Dernière mise à jour le 18 juin 2020
Dans un monde économique de plus en plus violent, un monde dans lequel les établissements financiers semblent tout diriger, comment faire encore confiance à sa banque ? Et comment, surtout, être sûr d’avoir opté pour un comportement éthique ? Les banques dites éthiques fleurissent. Elles sont de plus en plus visibles. De la Nef au Crédit Coopératif, en passant par Morning, la start-up Toulousaine, sur quels principes reposent les fonctionnements de ces banques éthiques ?
Comment distinguer une banque coopérative ?
N’oublions pas que 3 des plus grandes banque banques françaises sont des banques dites coopératives. Pour autant, elles ont quand même plongé tête baissée dans la finance spéculative et les logiques de rendements capitalistes. Le Crédit Agricole, les Crédits Mutuels et la Caisse d’épargne appartiennent d’ailleurs toutes au club fermé des institutions dites « too big to fail », trop grosse pour chuter. Ces banques au statut coopératif ont troqué leur vocation coopératrice pour toujours plus d’actifs, de pouvoir et de spéculation. Difficile alors de faire la part des choses entre une banque au statut coopératif et une banque réellement coopérative.
Les professionnels du marketing nous feraient passer des vessies pour des lanternes. Et, à l’occasion, le Crédit Agricole pour une banque coopérative éthique respectant ses sociétaires… Mais c’est peut-être vrai dans certaines agences après tout. Dans les faits, la réflexion autour du pouvoir bancaire et de la relation banque/client s’est réellement faite après la « crise » de 2008. Partout en Europe, des gens se sont posé les questions de l’utilité de la banque et du pouvoir réel des sociétaires sur leur banque de dépôt.
C’est ainsi qu’en Belgique, NewB a vu le jour.

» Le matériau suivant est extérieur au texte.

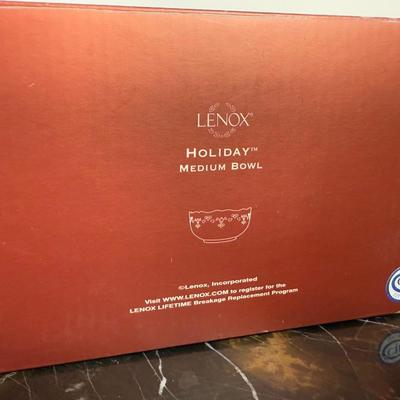 LOT 53D: Lenox Holiday Hostess Dish, Special Plate, Say it With Silk Cups, Holly Bowls & Shaped Treat Trays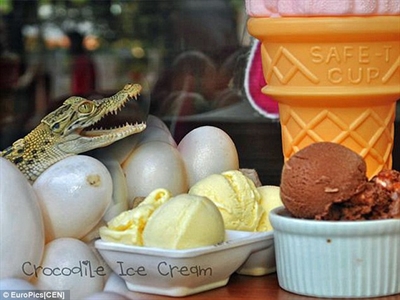 Đi ăn kem cá sấu ở Philippines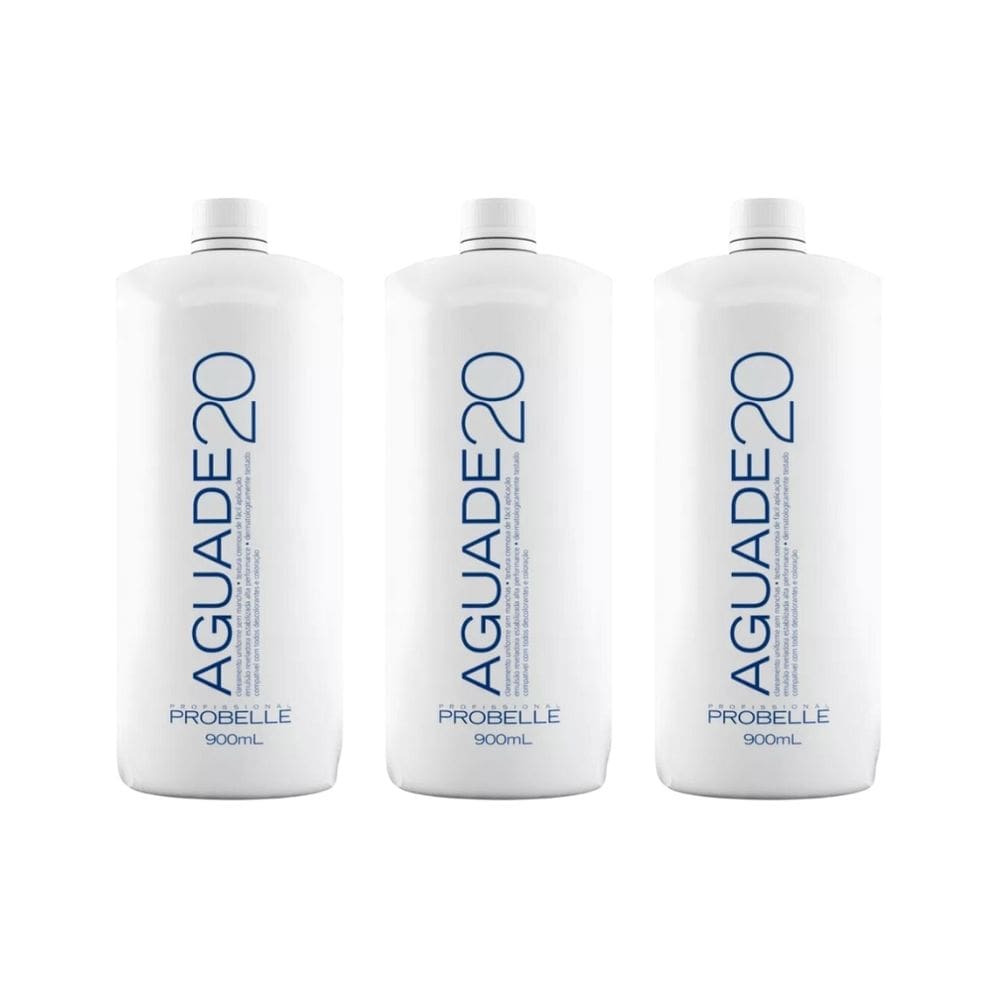 Agua Oxigenada Probelle 900ml 20Vol Cremosa - Kit C/ 3un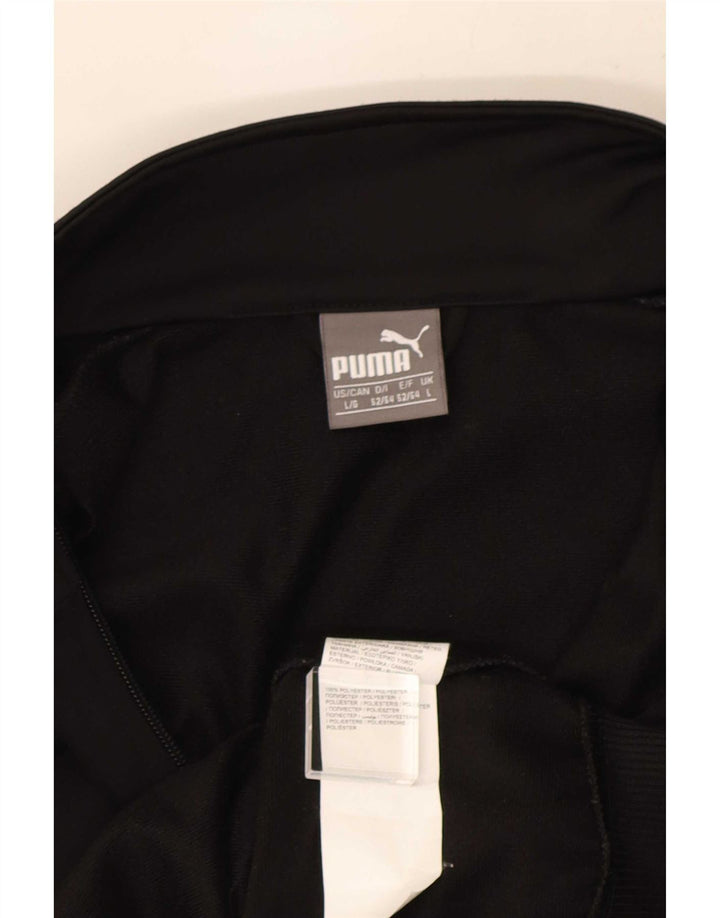 Puma Mens Graphic Chándal Top Chaqueta Grande Poliéster Negro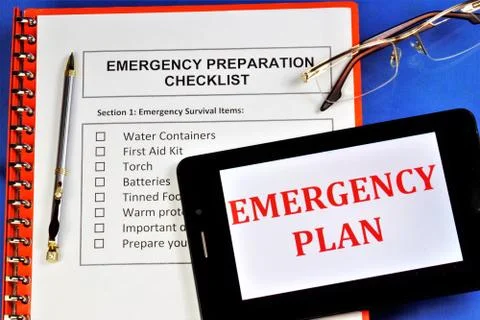Emergency preparedness checklist. Stock Photos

De même que Ebanka en Croatie en 2014. Le but ? C’est Magdalena Jelić, porte-parole de Ebanka, qui nous le livre le plus simplement du monde : « Créer une banque qui soit entre les mains des Croates et renforcer l’inclusion de la population dans la gouvernance bancaire. » C’est exactement cela, renforcer l’inclusion de la population dans la gouvernance bancaire. En somme, reprendre le principe de la coopération, sans le dévoyer cette fois. Car ces fonctionnements qui ne dévient pas de cet objectif principal ne sont pas nouveaux. En Allemagne, la banque coopérative écolo GLS existe depuis les années 1970. Elle est forte de plus de 200 000 clients et a attribué plus de 600 Millions d’Euros à des projets d’énergie renouvelable par exemple.
Et en France ?
En France, le Crédit Coopératif et la Nef Banque sont connues sur ce marché. Le Crédit Coopératif compte plus de 320 000 clients et distribue toujours des produits d’épargne éthique. Le compte Agir, développé par le Crédit Coopératif est extrêmement intéressant. Le principe d’une banque comme celle-là est qu’elle est financée par les dépôts de ses clients. Les prêts sont donc accordés par des clients déposant à des clients en demande. Ce qui permet de développer et de soutenir une économie réelle, de proximité, sans spéculation sur les marchés.
Plus récente, la Nef Banque avance. Au départ, il ne s’agissait que d’une coopérative financière. Mais depuis avril 2015, elle est autorisée à ouvrir des livrets d’épargne et des comptes courants à destination des professionnels. Et dans le courant de l’année 2018, elle pourra enfin ouvrir des comptes courants pour les particuliers. Attention au rush à l’ouverture.
Mais ce qui différencie vraiment ces banques là (Crédit Coopératif et Nef Banque), c’est avant tout la destination des fonds. Car après tout, comme nous l’avons exprimé plus haut, la BPCE, le Crédit Agricole et le Crédit Mutuel sont également des banques dites coopératives. Elles sont donc régies selon le principe un sociétaire = une voix. Le statut coopératif ne suffit donc pas pour se présenter comme une banque éthique. C’est la philosophie qu’il y a derrière qui compte. Est-ce que le but est l’enrichissement individuel ou le partage des ressources ? Dans les faits, les banques éthiques soutiennent des projets éthiques, et se donnent une mission ; celle d’être utile à l’économie réelle, à l’environnement, à la société dans laquelle elles évoluent, à la solidarité entre les personnes, à la transparence totale sur leur mode de gestion, leur gouvernance et leur prise de décision. Et c’est ça qui fait la différence.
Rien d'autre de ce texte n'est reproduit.